═══ STORED DATA
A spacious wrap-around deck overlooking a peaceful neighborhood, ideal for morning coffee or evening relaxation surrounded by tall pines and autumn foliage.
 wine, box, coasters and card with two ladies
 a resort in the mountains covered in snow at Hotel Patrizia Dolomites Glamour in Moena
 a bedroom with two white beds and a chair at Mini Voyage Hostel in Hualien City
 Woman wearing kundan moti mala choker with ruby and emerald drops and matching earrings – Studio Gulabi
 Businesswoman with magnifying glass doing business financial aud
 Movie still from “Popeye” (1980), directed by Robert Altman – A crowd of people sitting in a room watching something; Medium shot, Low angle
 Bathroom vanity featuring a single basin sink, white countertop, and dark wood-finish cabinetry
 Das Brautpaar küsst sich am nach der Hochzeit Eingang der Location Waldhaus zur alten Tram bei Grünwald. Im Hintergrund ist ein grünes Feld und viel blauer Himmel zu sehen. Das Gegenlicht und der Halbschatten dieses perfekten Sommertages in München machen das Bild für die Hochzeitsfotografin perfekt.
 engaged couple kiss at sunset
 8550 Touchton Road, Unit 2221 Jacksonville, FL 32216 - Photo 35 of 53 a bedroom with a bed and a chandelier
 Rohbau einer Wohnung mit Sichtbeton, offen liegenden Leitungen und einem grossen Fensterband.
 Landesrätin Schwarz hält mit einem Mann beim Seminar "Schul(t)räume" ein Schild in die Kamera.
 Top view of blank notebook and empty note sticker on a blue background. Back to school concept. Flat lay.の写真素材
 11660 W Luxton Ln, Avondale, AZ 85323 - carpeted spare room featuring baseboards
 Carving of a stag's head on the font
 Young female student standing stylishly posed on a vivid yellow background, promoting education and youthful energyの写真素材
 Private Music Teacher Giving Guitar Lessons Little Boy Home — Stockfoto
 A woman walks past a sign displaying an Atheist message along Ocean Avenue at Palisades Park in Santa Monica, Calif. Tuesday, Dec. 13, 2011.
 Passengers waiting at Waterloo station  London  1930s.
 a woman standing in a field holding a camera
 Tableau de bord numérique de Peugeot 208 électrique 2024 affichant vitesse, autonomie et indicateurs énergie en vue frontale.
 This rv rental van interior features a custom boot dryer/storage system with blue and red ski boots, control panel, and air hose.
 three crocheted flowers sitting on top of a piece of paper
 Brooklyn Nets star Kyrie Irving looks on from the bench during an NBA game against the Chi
══════
■ PROBLEM TO SOLVE ■
Output the lines of the records above exactly as they appear, from the line containing "Top view of" through the line containing "Private Music Teacher".

■ OUTPUT FOR THIS EXERCISE ■
 Top view of blank notebook and empty note sticker on a blue background. Back to school concept. Flat lay.の写真素材
 11660 W Luxton Ln, Avondale, AZ 85323 - carpeted spare room featuring baseboards
 Carving of a stag's head on the font
 Young female student standing stylishly posed on a vivid yellow background, promoting education and youthful energyの写真素材
 Private Music Teacher Giving Guitar Lessons Little Boy Home — Stockfoto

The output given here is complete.